====== Given entries ======

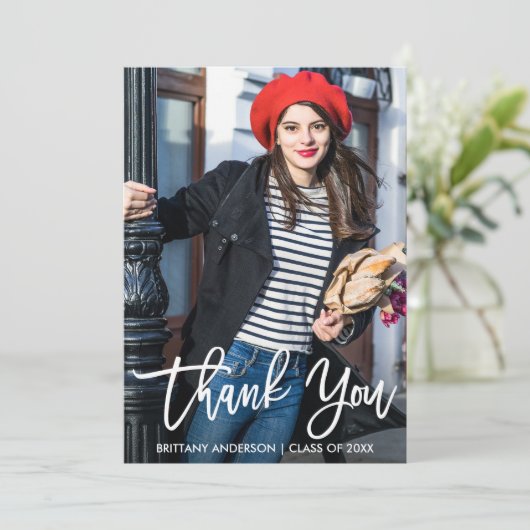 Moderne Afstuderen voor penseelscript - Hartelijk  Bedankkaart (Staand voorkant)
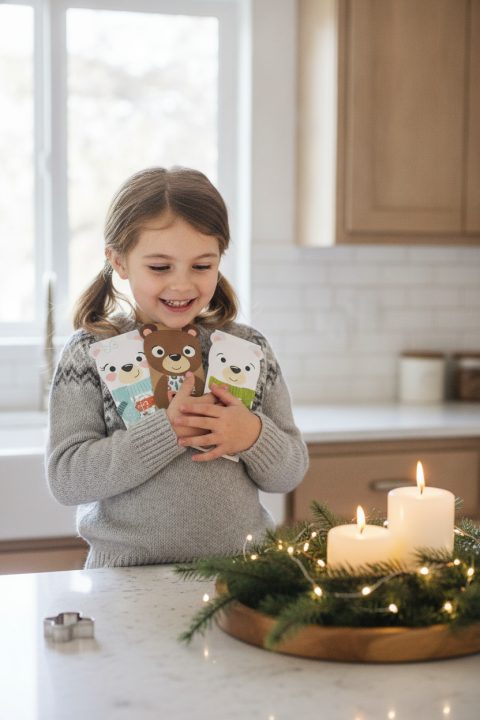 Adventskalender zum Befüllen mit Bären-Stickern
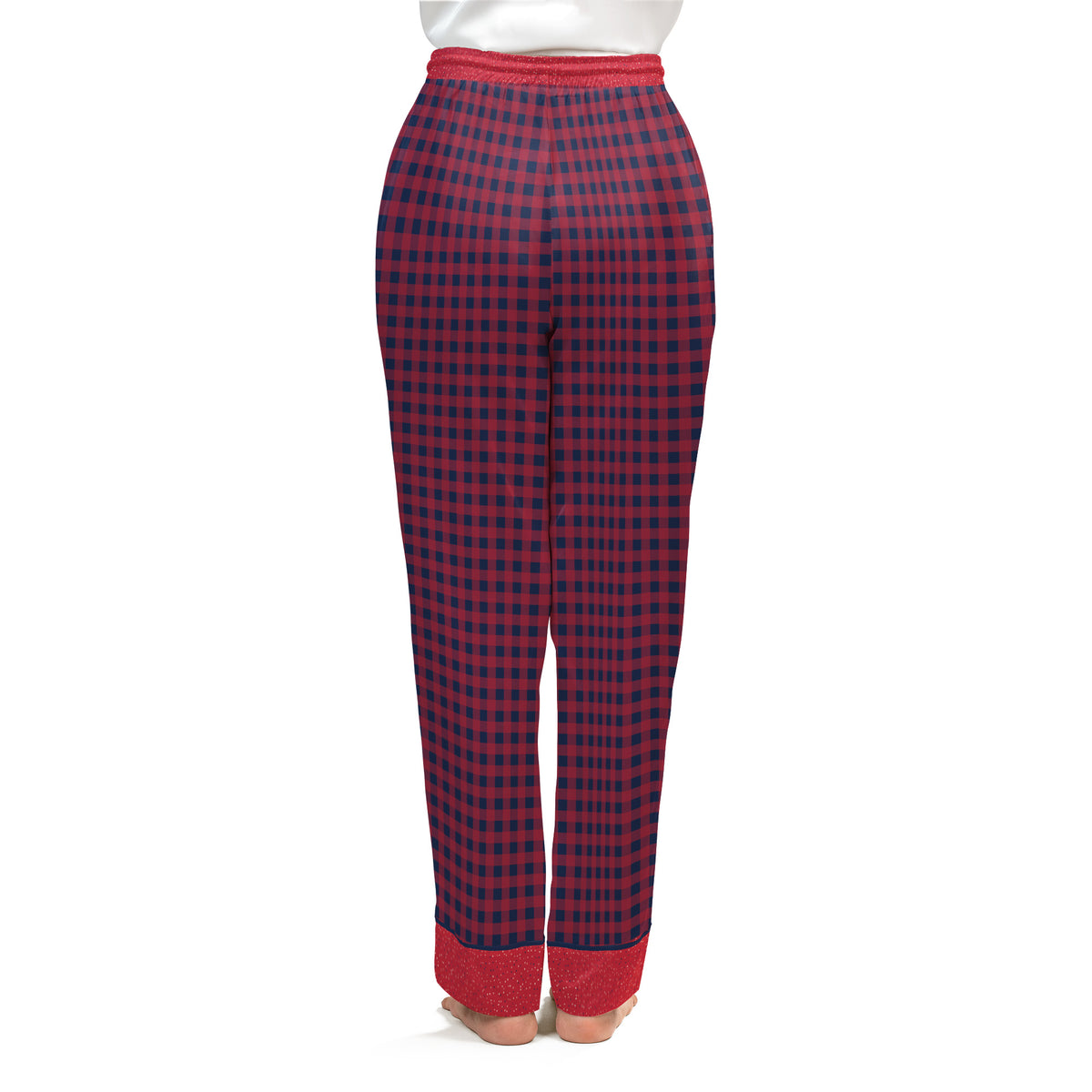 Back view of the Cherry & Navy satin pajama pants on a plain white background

======
====== Given entries ======

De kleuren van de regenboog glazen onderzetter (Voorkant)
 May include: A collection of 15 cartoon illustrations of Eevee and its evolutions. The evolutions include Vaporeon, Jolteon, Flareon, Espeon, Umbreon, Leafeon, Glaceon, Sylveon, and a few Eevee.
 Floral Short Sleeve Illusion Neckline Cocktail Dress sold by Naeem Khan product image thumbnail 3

======

Lines wanted from the listing above: the line with "May include: A" up to and including the line with "Floral Short Sleeve". Please write them out exactly, adding nothing else.

- Problem solution
 May include: A collection of 15 cartoon illustrations of Eevee and its evolutions. The evolutions include Vaporeon, Jolteon, Flareon, Espeon, Umbreon, Leafeon, Glaceon, Sylveon, and a few Eevee.
 Floral Short Sleeve Illusion Neckline Cocktail Dress sold by Naeem Khan product image thumbnail 3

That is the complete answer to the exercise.